━━━ Records supplied ━━━
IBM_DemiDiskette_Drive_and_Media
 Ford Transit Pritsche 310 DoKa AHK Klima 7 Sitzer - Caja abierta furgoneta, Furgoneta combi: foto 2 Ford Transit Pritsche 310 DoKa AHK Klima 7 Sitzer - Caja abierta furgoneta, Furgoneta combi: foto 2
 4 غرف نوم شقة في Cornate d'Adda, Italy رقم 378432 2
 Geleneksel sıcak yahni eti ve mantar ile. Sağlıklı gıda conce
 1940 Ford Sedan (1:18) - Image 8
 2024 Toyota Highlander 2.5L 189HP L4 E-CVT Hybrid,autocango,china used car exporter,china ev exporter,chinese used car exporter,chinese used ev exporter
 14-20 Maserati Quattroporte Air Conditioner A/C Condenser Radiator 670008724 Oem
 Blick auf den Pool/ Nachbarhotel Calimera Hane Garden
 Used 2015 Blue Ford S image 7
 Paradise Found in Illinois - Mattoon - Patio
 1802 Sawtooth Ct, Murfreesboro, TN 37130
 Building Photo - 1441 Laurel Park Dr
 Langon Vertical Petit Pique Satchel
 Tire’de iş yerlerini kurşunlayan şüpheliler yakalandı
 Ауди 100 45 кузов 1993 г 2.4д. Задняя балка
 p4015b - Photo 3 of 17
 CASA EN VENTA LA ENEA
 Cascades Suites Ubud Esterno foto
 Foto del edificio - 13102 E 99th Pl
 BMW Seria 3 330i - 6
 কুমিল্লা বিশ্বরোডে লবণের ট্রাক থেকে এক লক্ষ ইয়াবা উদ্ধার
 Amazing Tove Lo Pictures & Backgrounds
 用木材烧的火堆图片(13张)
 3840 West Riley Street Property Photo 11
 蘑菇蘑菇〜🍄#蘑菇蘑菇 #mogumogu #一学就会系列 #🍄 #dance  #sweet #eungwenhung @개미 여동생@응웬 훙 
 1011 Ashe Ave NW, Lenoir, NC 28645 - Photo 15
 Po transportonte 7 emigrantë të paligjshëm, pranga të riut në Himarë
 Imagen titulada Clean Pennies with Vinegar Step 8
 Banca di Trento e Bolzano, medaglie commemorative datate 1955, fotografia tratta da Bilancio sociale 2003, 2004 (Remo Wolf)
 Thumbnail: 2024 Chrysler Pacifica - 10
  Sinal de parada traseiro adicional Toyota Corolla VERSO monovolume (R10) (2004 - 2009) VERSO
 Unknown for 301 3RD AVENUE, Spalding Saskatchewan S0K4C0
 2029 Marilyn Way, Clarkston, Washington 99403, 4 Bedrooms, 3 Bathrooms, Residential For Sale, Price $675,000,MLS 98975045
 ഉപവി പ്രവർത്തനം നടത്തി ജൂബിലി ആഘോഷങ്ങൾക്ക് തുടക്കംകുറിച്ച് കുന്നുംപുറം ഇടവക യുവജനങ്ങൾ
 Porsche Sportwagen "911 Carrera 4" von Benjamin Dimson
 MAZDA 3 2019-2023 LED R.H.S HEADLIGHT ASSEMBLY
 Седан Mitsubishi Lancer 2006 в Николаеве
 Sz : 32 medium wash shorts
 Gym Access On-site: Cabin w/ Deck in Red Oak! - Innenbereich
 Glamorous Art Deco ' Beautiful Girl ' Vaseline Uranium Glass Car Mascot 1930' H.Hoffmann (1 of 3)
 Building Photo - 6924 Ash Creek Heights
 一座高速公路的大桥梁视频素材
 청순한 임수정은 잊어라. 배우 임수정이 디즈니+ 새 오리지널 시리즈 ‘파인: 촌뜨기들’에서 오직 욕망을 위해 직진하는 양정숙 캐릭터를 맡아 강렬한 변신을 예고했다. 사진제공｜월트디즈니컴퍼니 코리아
━━━
Quote exactly the opening line of the material above and every line after it, up to and including the line that contains "4 غرف نوم شقة".

### Response area
IBM_DemiDiskette_Drive_and_Media
 Ford Transit Pritsche 310 DoKa AHK Klima 7 Sitzer - Caja abierta furgoneta, Furgoneta combi: foto 2 Ford Transit Pritsche 310 DoKa AHK Klima 7 Sitzer - Caja abierta furgoneta, Furgoneta combi: foto 2
 4 غرف نوم شقة في Cornate d'Adda, Italy رقم 378432 2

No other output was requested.